═══ Data to process ═══

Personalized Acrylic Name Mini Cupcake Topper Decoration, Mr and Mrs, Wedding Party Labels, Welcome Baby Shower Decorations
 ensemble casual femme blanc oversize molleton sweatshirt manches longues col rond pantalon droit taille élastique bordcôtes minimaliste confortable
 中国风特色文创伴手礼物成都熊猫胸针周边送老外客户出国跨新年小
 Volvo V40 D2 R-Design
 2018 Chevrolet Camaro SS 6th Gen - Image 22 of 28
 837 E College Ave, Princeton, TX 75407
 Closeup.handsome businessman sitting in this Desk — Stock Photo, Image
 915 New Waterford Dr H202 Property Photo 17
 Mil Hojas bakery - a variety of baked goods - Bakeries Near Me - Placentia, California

═══

_Work to complete_: Exactly as written, please output every entry.

_Solution for this problem_:
Personalized Acrylic Name Mini Cupcake Topper Decoration, Mr and Mrs, Wedding Party Labels, Welcome Baby Shower Decorations
 ensemble casual femme blanc oversize molleton sweatshirt manches longues col rond pantalon droit taille élastique bordcôtes minimaliste confortable
 中国风特色文创伴手礼物成都熊猫胸针周边送老外客户出国跨新年小
 Volvo V40 D2 R-Design
 2018 Chevrolet Camaro SS 6th Gen - Image 22 of 28
 837 E College Ave, Princeton, TX 75407
 Closeup.handsome businessman sitting in this Desk — Stock Photo, Image
 915 New Waterford Dr H202 Property Photo 17
 Mil Hojas bakery - a variety of baked goods - Bakeries Near Me - Placentia, California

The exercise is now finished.